I write this as a begin my yearly pilgrimage to the Labour Day Classic football game between the Hamilton Tiger Cats and the Toronto Argonauts. Each year I get one CFL football game in with some of my brother priests and friends. It is a great time to sit back and become part of the screaming masses of Tiger Cats fans that come out to support their team. There is a strong sense of fraternity among the Ti-Cat fans as our team goes out to battle the big city corporate types in Toronto. It is expected that we will lose so it is even more of a triumph if we win. Everyone loves the underdog.

This battle between the steel town boys and the big city boatmen reflects a deeper battle of ordinary laborers and corporate business. On this Labour Day the stands were full of ordinary people worrying about the future as they begin to realize that they may not fit into the economic equation anymore.
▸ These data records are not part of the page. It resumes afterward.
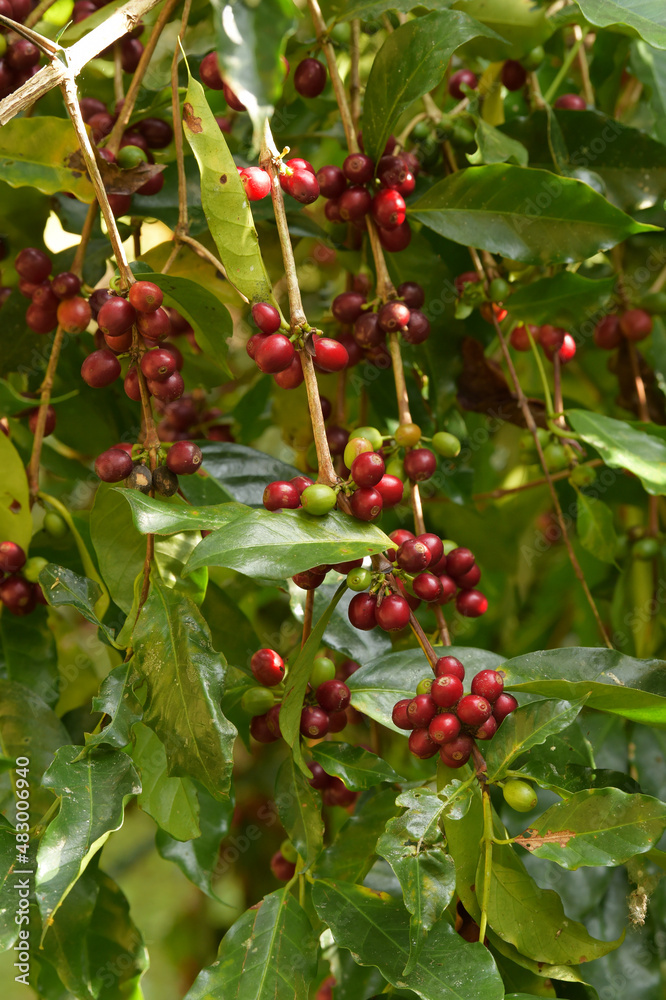 Coffee beans ripening on a tree Coffee beans ripening on a tree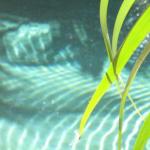 Bli Bli QLD Stays Accommodation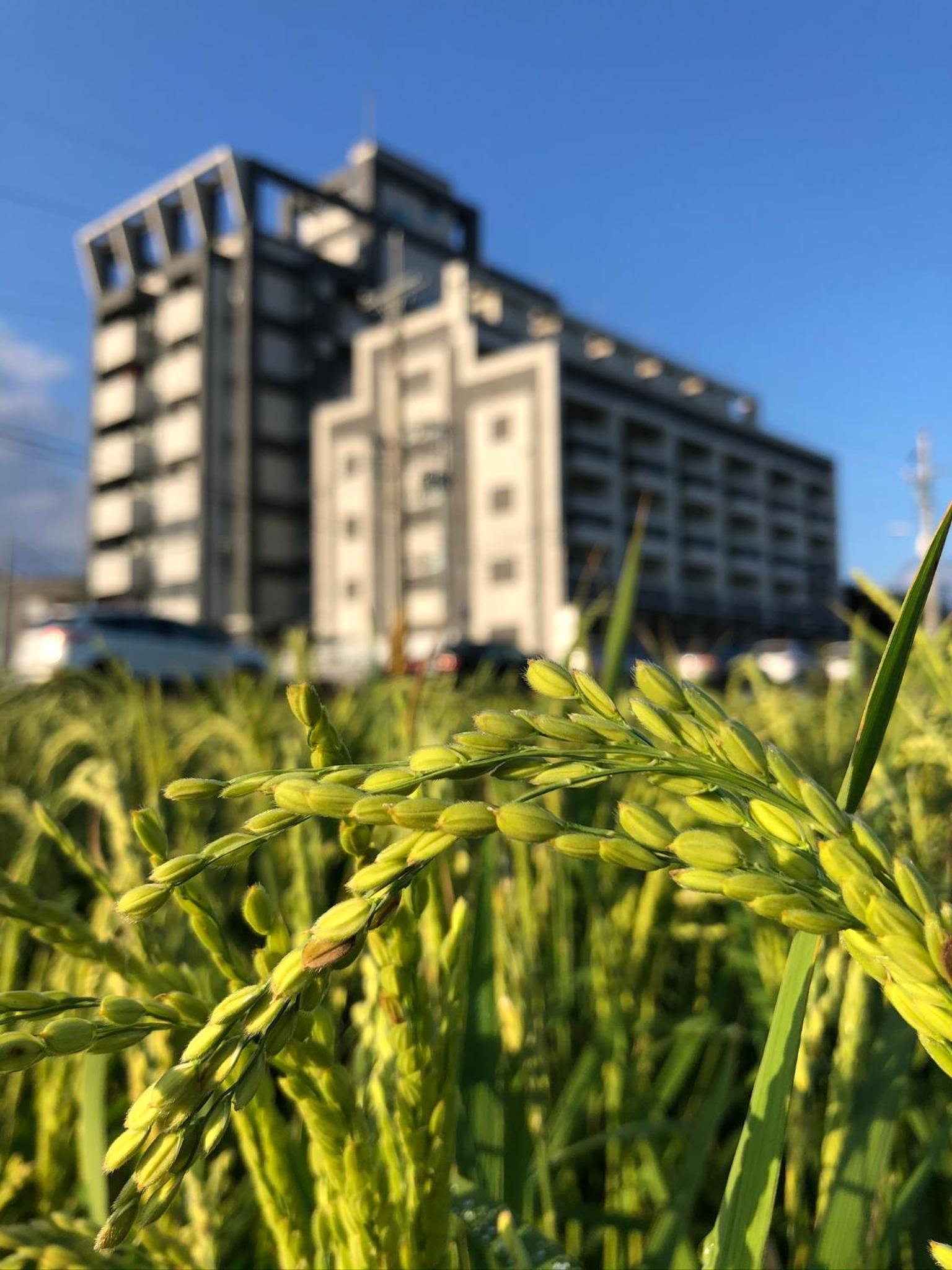 遊山水民宿一二館來電可享優惠方案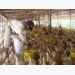 Poultry breeders suffer losses due to oversupply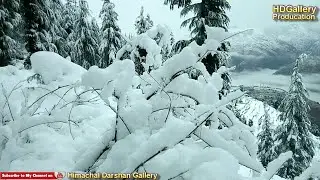 Latest Snow Fall Kullu Manali #KulluManali2019 #ManaliSnowfall2019 #Manali2019 Parkhol Valley
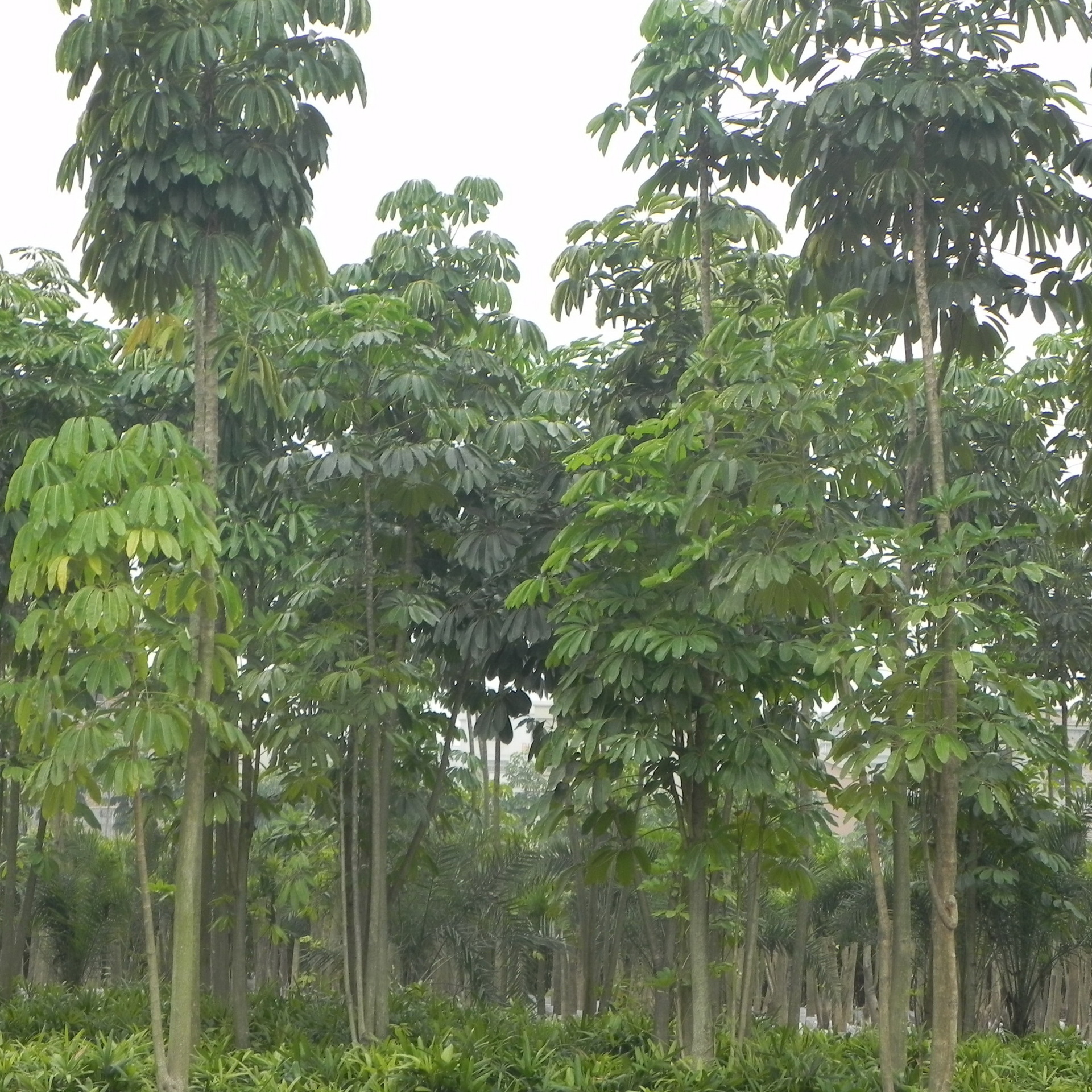 低价出售大规格大叶伞(澳洲鸭掌木 昆士兰伞木) 绿化树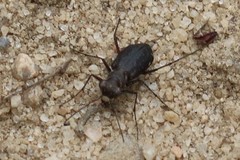 Cicindela punctulata punctulata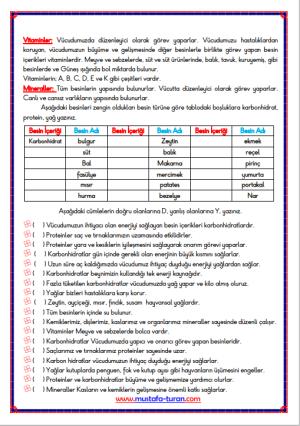 Besinlerimiz Ve Özellikleri Etkinliği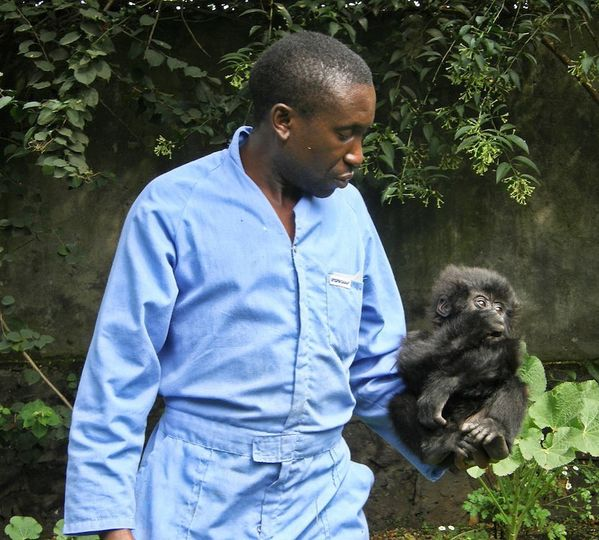 Mary Zientek Sulaiman on X: "Orphaned gorilla spends her final moments  hugging the man who saved her as a baby, She took her final breath in the  loving arms of her caretaker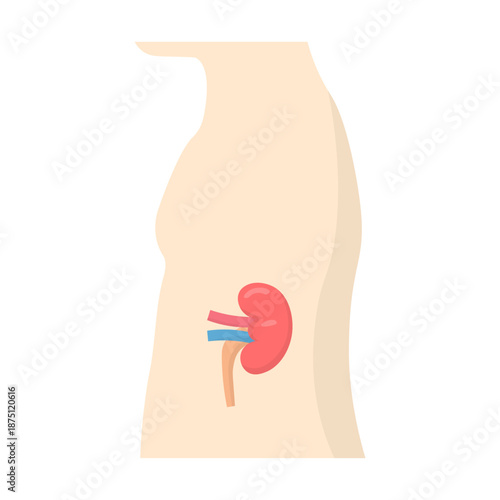 Isolated illustration of kidneys inside the human body for educational images on the theme of body anatomy, kidney location, kidney organ health and others. in hospital clinics and schools.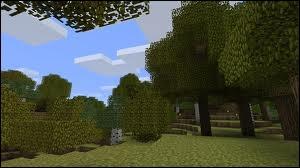 The first thing you do when you spawn in the Minecraft world is...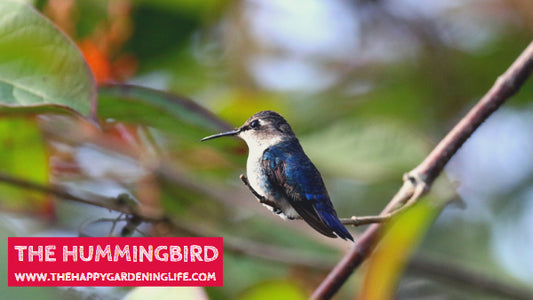 The Hummingbird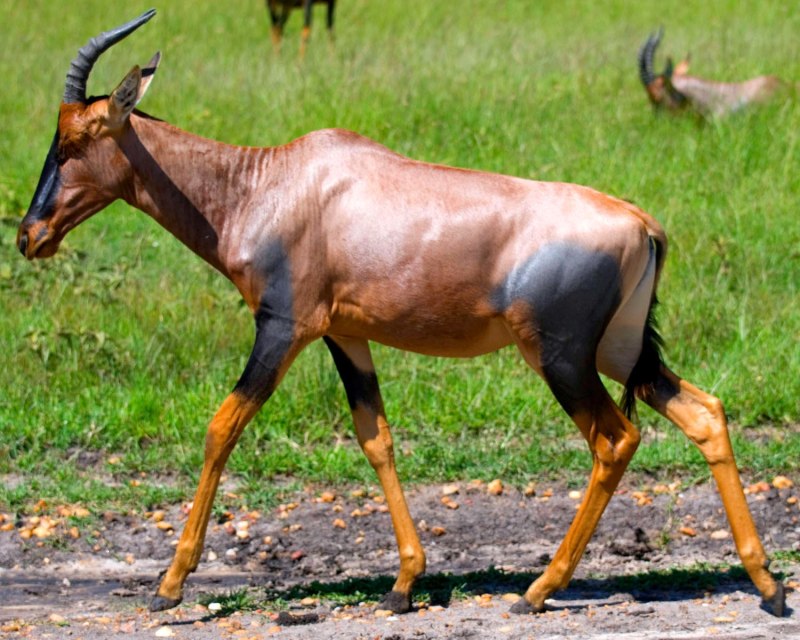 Damaliscus lunatus lunatus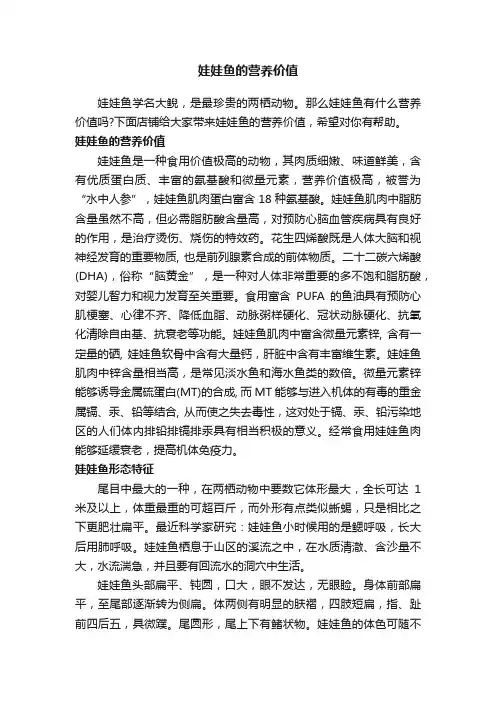 娃娃鱼的营养价值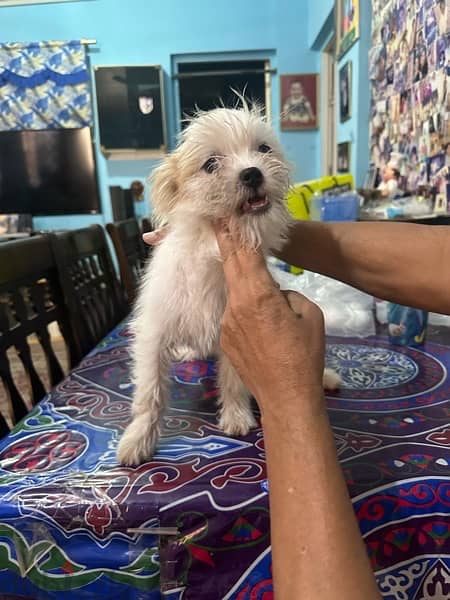 puppies- mix breed malthese/ japanese spitz 6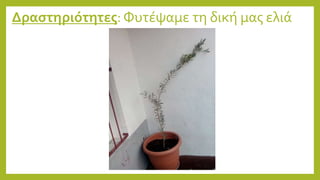 Δραστηριότητες: Φυτέψαμε τη δική μας ελιά
 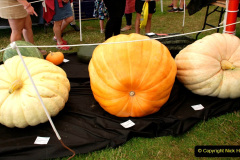 327.2019-09-08-Dorset-County-Show-@-Dorchester.-327-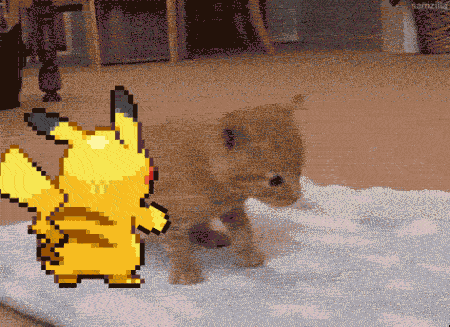 funny-cat-gifs-030-002.gif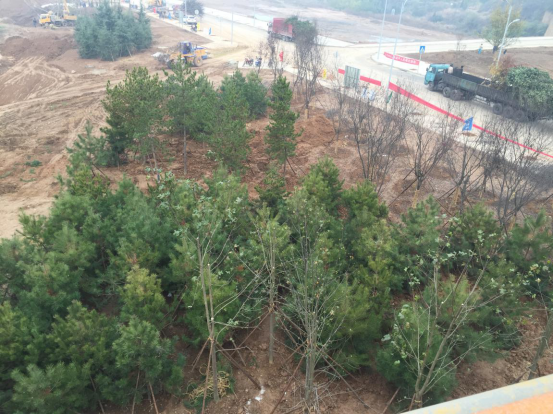 云顶集团(中国区)官方网站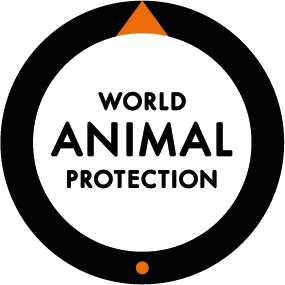 We move the world to protect animals. 
We put animals on the global agenda. 
Together we can end animal suffering. #changelivesforever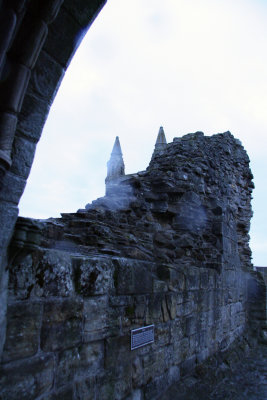 St Andrews Cathedral-5.jpg
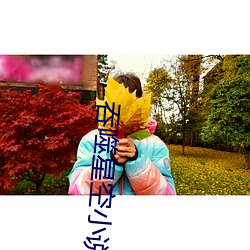 吞噬星空小说 （保胎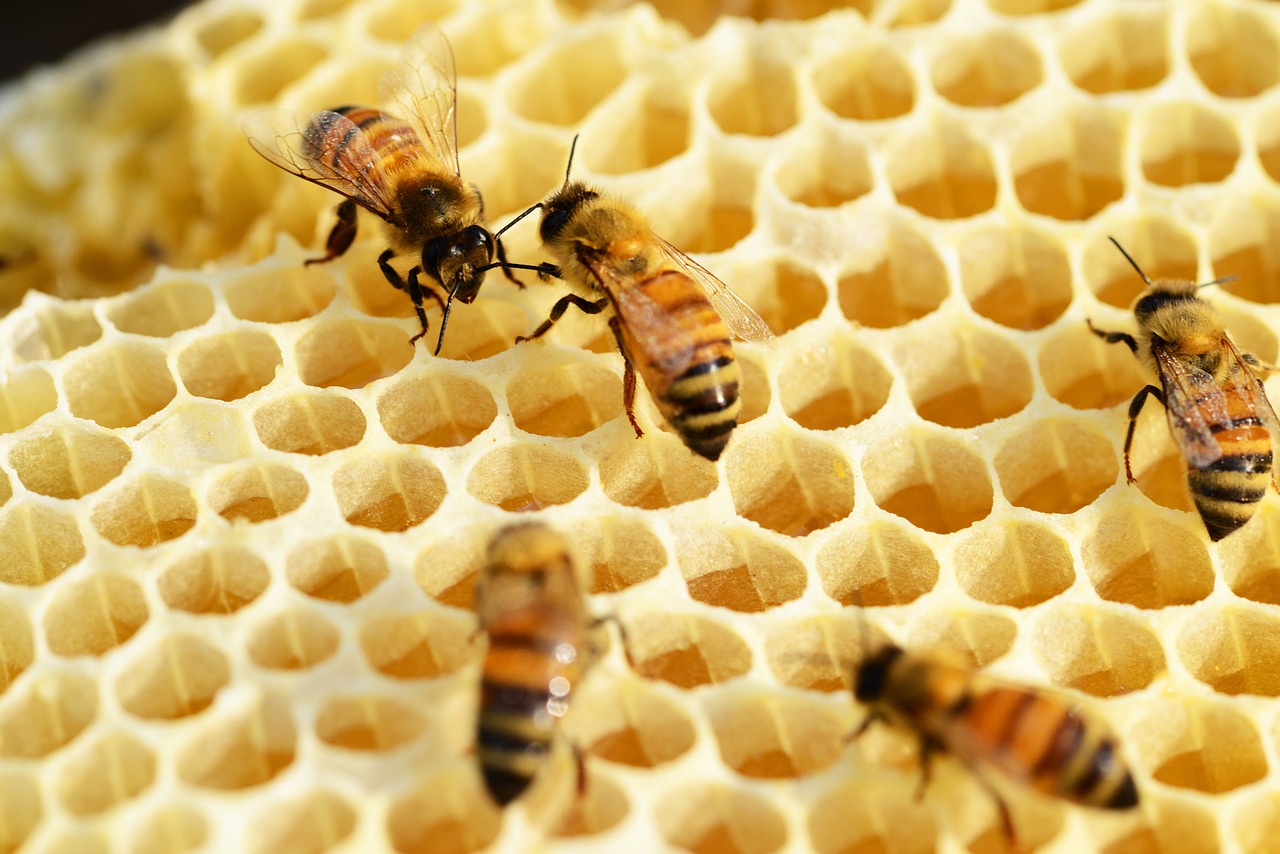 bees building honeycomb honey free photo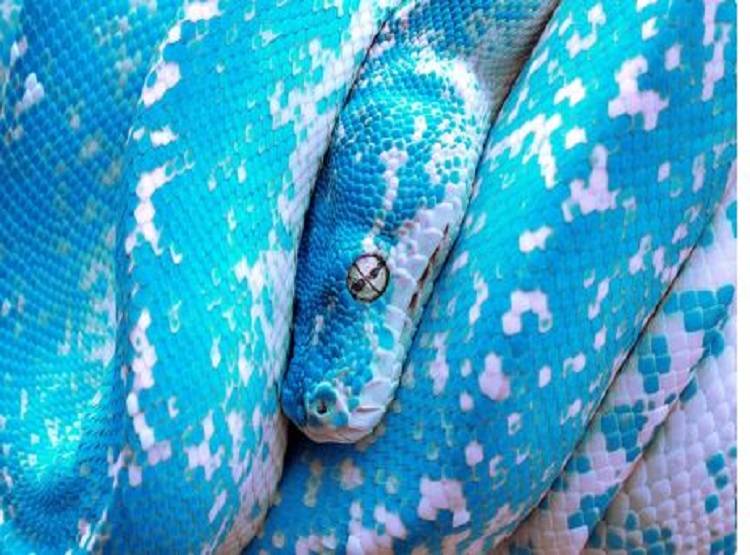 दुनिया का सबसे महंगा सांप, कीमत जान कर हो जाएंगे हैरान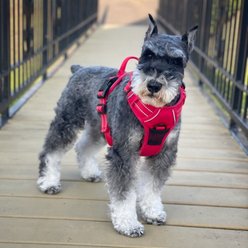 Doggie Design Venture Paw Pull Control Dog Harness, Crimson, Medium: 14.5 to 26-in chest slide 2 of 6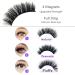 Magnetic Eyeliner and Lashes Kit Upgraded Eyeliner 3 Styles Magnetic Eyelashes with Waterproof Long-lasting Magnetic Liquid Eyeliner Non-toxic Long lasting Reusable GLUE FREE Cruelty Free Little Black - Buy Online on GoSupps.com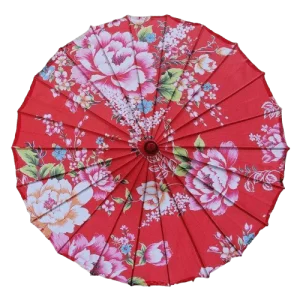 Ombrelle Chinoise Typique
Autoworkers, steelworker and farm workers that were once the strength of Ontario’s economic engine are now seen as a drain on business. This runs so contrary so Catholic Social Teaching. For Catholics, people were not created for work as mere resources but work was created for people to perfect us.

Work is a good thing for man--a good thing for his humanity--because through work man not only transforms nature, adapting it to his own needs, but he also achieves fulfillment as a human being and indeed in a sense becomes "more a human being."

(Pope John Paul II, Encyclical on Human Work promulgated 14 September 1981)

As members of the Catholic Women’s League we are well aware of the dignity of human labor. The many activities the League engages in are opportunities for our members to give of themselves. The gift of each member is more important than the task at hand. Christ is present when we are allow to give of ourselves and we are perfected in his image when share our time and talents.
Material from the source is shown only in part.